Accessibility tree output format

Each element in the snapshot is rendered on one line with the pattern:
[indent]role "label" val="value" @(x,y) widthxheight
FieldDescription
indentTwo spaces per nesting level — deeper elements are children of shallower ones
roleiOS accessibility role from the element (Button, TextField, StaticText, Image, etc.)
"label"The element’s accessibility label — what VoiceOver reads
val="..."The element’s current value (shown only when different from label)
@(x,y)Top-left corner of the element in simulator screen points
widthxheightElement dimensions in simulator screen points

Example snapshot output

iOS Accessibility Snapshot (3 root elements):

Window "LoginScreen"
  NavigationBar "Sign In"
    StaticText "Sign In" @(156,56) 82x21
  View
    TextField "Email" val="" @(20,140) 354x44
    SecureTextField "Password" val="" @(20,196) 354x44
    Button "Sign In" @(20,268) 354x50
    Button "Forgot password?" @(105,334) 184x20
  TabBar
    Button "Home" @(0,800) 98x49
    Button "Profile" val="selected" @(98,800) 98x49
    Button "Settings" @(196,800) 98x49

Using snapshot coordinates for interaction

The @(x,y) coordinates in the snapshot are simulator screen points you can pass directly to simulator_tap, simulator_swipe, and simulator_long_press. To tap the center of an element, add half its width and height to the top-left coordinates.
# Button "Sign In" @(20,268) 354x50
# Center: x = 20 + 354/2 = 197, y = 268 + 50/2 = 293

Tap at (197, 293) to press the Sign In button.

Comparison with Playwright’s browser_snapshot

FeaturePlaywright browser_snapshotPreflight simulator_snapshot
Output formatARIA accessibility treeiOS accessibility tree via idb
Element rolesARIA roles (button, textbox)iOS roles (Button, TextField)
Coordinate systemCSS pixelsSimulator screen points
No vision model neededYesYes
Works without idbYes (browser built-in)No — idb required

Return value

A formatted accessibility tree followed by a usage reminder:
iOS Accessibility Snapshot (N root elements):

[tree]

---
Use coordinates from the snapshot to interact: simulator_tap, simulator_swipe, etc.

simulator_wait_for_element

Polls the accessibility tree repeatedly until an element matching your criteria appears, or until the timeout expires.
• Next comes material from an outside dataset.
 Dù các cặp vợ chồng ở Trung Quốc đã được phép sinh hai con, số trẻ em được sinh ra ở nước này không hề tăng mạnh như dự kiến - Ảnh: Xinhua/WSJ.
Use this after navigation or async operations where you need to wait for a screen transition to complete before interacting. Analogous to Playwright’s browser_wait_for.

Parameters

label
string
Wait for an element with this accessibility label. Case-insensitive partial match — "Sign" matches "Sign In" and "Sign Up".
role
string
Wait for an element with this role, for example "Button", "TextField", or "StaticText".
text
string
Wait for an element containing this text in its label or value. Case-insensitive partial match.
timeoutMs
number
Maximum wait time in milliseconds. Defaults to 10000 (10 seconds).
pollIntervalMs
number
How often to check the accessibility tree in milliseconds. Defaults to 500.
deviceId
string
Device UDID, name, or "booted". Defaults to the currently booted simulator.
At least one of label, role, or text must be provided. You can combine multiple criteria — the element must match all of them.

Return value

On success:
Element found after 1200ms. Criteria: {"label":"Welcome","role":"StaticText"}
On timeout:
Timeout after 10000ms. Element not found. Criteria: {"label":"Welcome"}
The tool returns isError: true on timeout.

Example

Tap the "Log In" button, then wait for the element with label "Welcome" to appear before continuing.

simulator_element_exists

Checks immediately whether an element matching your criteria is present on screen right now. Returns a true or false result without polling or waiting. Use this for conditional logic — branching your automation based on what’s currently visible.

Parameters

label
string
Search for an element with this accessibility label. Case-insensitive partial match.
role
string
Search for an element with this role.
text
string
Search for an element containing this text in its label or value.
deviceId
string
Device UDID, name, or "booted". Defaults to the currently booted simulator.
At least one of label, role, or text must be provided.

Return value

When found:
true — Element exists. Criteria: {"label":"Logout"}
When not found:
false — Element not found. Criteria: {"label":"Logout"}

Example

Check if the "Logout" button exists — if it does, tap it. Otherwise, the user is already logged out.

Complete workflow example

The following example shows all three tools working together to log in to an app, wait for the home screen, and verify a UI element — without using screenshots or a vision model.
1

Snapshot the login screen

Start by taking a snapshot to understand what’s on screen and get element coordinates.
Take a snapshot of the current screen.
The snapshot returns:
Window "LoginScreen"
  View
    TextField "Email" @(20,140) 354x44
    SecureTextField "Password" @(20,196) 354x44
    Button "Sign In" @(20,268) 354x50
2

Fill in the form

Use the coordinates from the snapshot to tap the email field and type.
Tap the email field at (197, 162), then type "test@example.com".
Tap the password field at (197, 218), then type "secret123".
3

Tap Sign In and wait for the home screen

Tap the button and immediately wait for a known element on the home screen to appear.
Tap the Sign In button at (197, 293).
Then wait for an element with label "Welcome" to appear (timeout 8 seconds).
simulator_wait_for_element polls every 500 ms. Once the home screen loads and the “Welcome” heading appears, it returns:
Element found after 1800ms. Criteria: {"label":"Welcome"}
4

Verify the logout button is available

Use simulator_element_exists to confirm the user is now logged in.
Check if the "Logout" button exists on screen.
true — Element exists. Criteria: {"label":"Logout"}
This accessibility-first approach is faster and more reliable than screenshot-based automation. Snapshots return instantly as text, avoid vision model latency, and give you exact tap coordinates without any image analysis.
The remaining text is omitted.